Please someone help me believe that it can?
I'm not naive, but if there is ANY explanation outside of what my mind is running over as a worst case scenario, I'd love to hear it, even though it's highly unlikely.

A marriage of 9 years and a relationship of 13 years with 2 young preschool age children are all involved in this ugliness and I can't see anything but ugliness.
I know no one is responsible to do so but... 
Help please.


----------



## lpycb42 (Feb 19, 2011)

I'm going to be completely honest with you. If you found out about the texting by chance, then it's possible that it isn't friendly and innocent. If it was, she would have no problem telling you about him and she wouldn't make up excuses for seeing him. Thing is, if you have to hide your actions from your partner, then you're doing something that you shouldn't be doing. I'm not saying she's sleeping with him or anything. But she could be trying to find in him something that is missing with you. I think you should sit down and have a chat with her. Why is she having secret meetings with this man? What is she getting from it? Talk.


----------



## Pit-of-my-stomach (Nov 2, 2010)

No dude, Your not mistaken. 

Calm down, quiet yourself. 

The gazelle's now know there is a lion in the field.

Wait. Watch.
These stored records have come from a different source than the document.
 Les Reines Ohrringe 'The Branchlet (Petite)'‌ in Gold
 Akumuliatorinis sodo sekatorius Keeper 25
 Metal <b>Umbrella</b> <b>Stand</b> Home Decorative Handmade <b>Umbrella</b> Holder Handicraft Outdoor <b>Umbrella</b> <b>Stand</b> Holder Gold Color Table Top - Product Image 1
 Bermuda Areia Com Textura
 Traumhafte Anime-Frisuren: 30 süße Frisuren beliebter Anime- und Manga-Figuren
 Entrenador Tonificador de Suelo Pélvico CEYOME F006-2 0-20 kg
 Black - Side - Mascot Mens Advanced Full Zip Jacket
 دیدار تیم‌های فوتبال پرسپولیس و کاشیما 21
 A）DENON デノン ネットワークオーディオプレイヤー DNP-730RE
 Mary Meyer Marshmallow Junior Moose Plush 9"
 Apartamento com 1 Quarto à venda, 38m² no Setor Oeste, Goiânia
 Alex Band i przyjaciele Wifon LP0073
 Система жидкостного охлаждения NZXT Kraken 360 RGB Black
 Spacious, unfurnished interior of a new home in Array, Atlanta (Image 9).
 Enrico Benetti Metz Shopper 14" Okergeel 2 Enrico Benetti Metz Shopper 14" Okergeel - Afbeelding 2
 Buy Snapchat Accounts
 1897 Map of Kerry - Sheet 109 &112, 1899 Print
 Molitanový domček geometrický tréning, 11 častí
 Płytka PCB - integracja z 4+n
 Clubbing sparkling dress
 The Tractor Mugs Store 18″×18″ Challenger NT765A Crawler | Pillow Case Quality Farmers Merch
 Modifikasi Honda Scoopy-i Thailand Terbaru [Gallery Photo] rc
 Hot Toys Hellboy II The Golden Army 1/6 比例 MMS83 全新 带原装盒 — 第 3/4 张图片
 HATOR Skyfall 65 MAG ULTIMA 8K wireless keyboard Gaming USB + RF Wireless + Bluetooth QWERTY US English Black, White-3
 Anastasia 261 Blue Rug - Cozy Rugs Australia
Stalk.


----------



## F-102 (Sep 15, 2010)

"Every justification under the sun that it was my fault".
So, she admits to an affair?


----------



## kristinlloyd (Apr 22, 2010)

I totally agree with lpycb42. Talking is the best option for you right now. You should probably sit down with her and try to get some answers. If she lies or is dishonest about things that you already know are true, there is something else going on. Honesty is the best policy and if she is hiding something, it's probably not good news.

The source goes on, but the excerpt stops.